## [WORK REQUIRED]
All of the records below are to be given again word for word, with the pictures removed.

··· SUPPLIED RECORDS ···

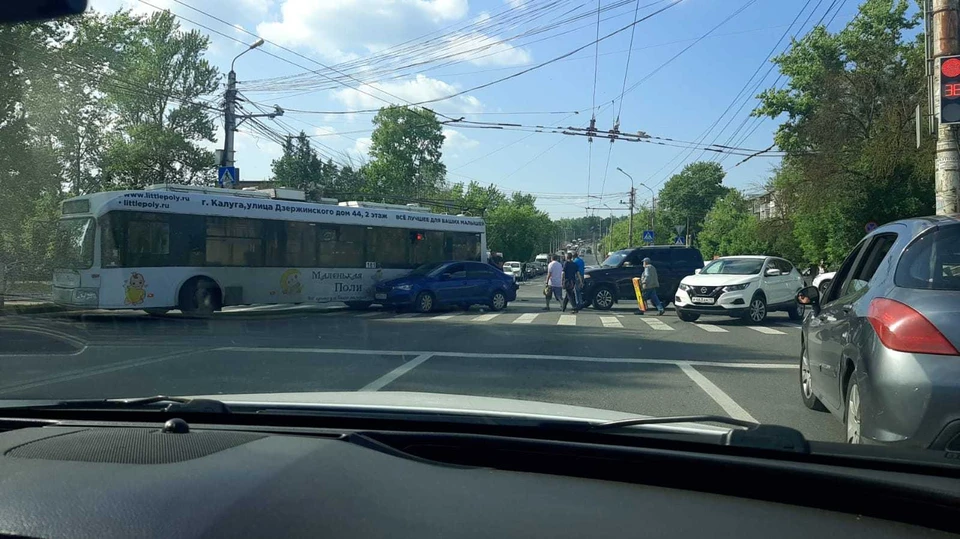 Авария произошла на перекрестке с улицей Азаровской.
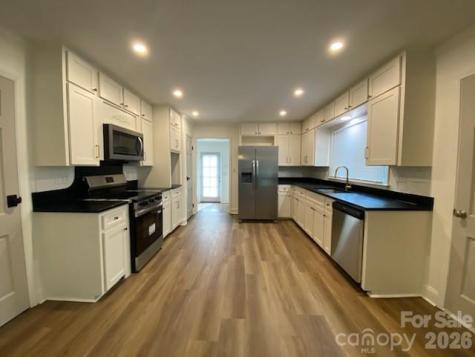 640 Edgewood Drive Wilkesboro NC 28697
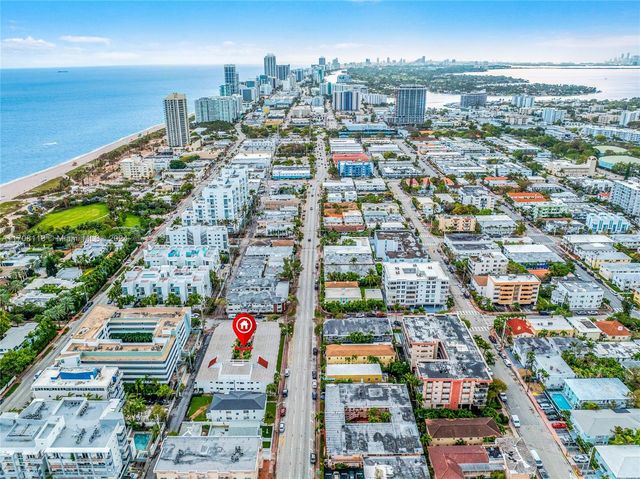 235 78th St, Miami Beach, FL 33141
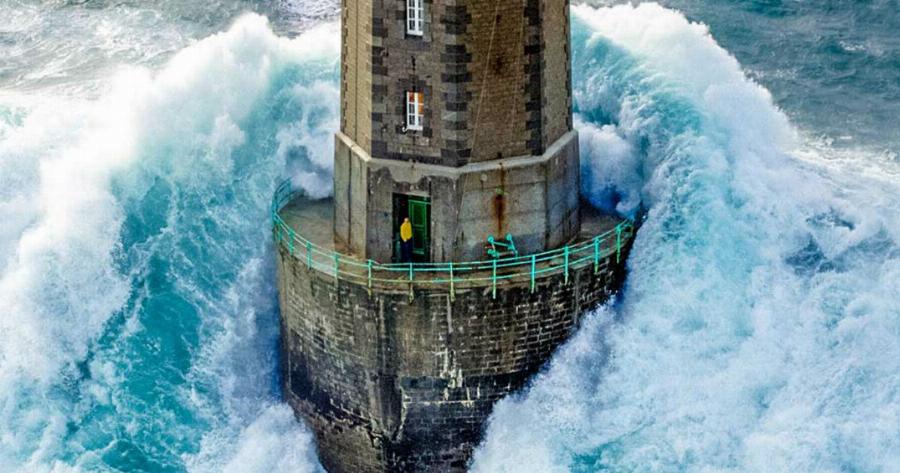 27 πανέμορφοι φάροι επιβιώνουν στις πιο αντίξοες καιρικές συνθήκες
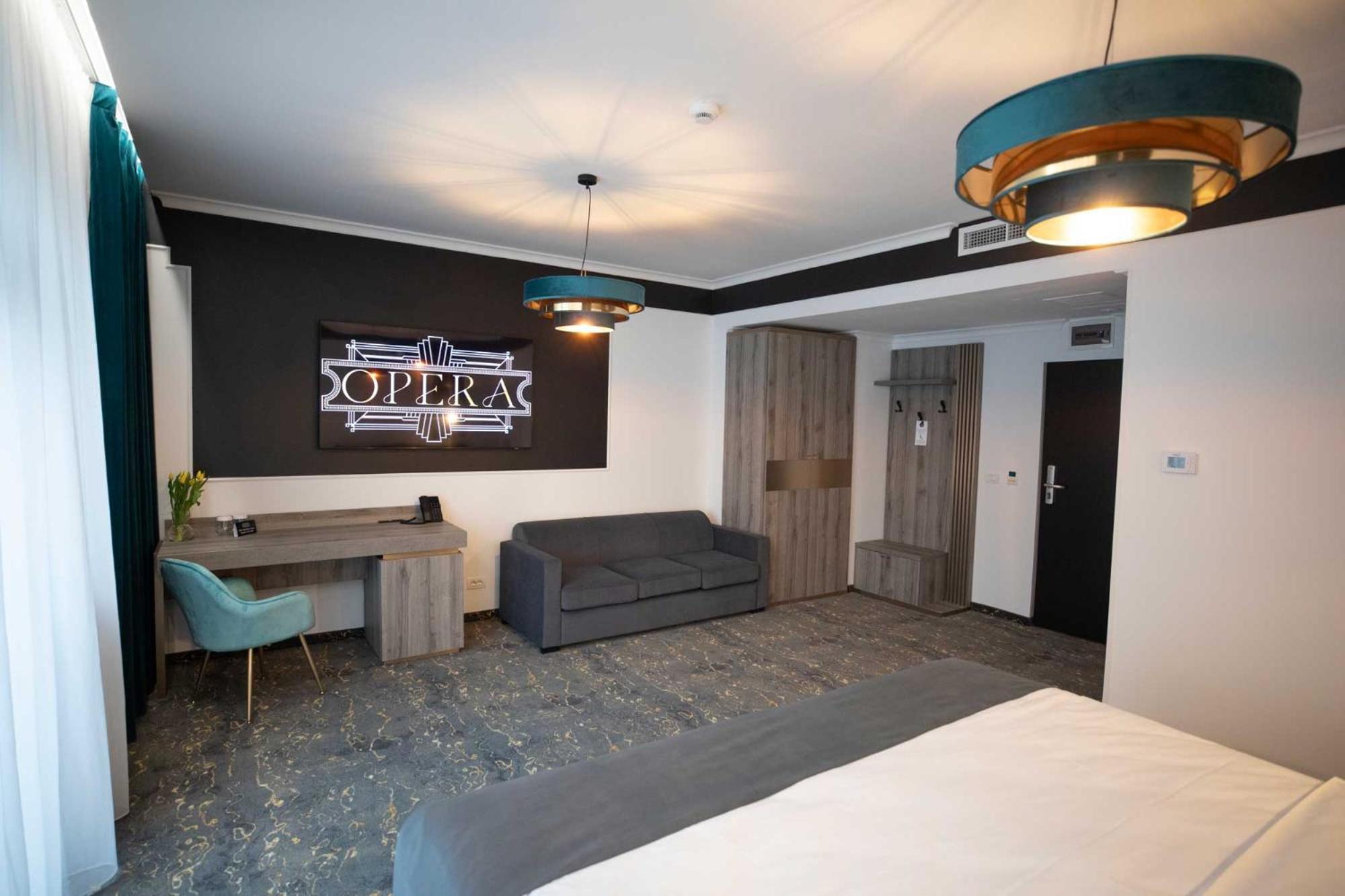 Opera Hotel Timisoara Bagian luar foto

···

## [EXPECTED ANSWER]
 Авария произошла на перекрестке с улицей Азаровской.
 640 Edgewood Drive Wilkesboro NC 28697
 235 78th St, Miami Beach, FL 33141
 27 πανέμορφοι φάροι επιβιώνουν στις πιο αντίξοες καιρικές συνθήκες
 Opera Hotel Timisoara Bagian luar foto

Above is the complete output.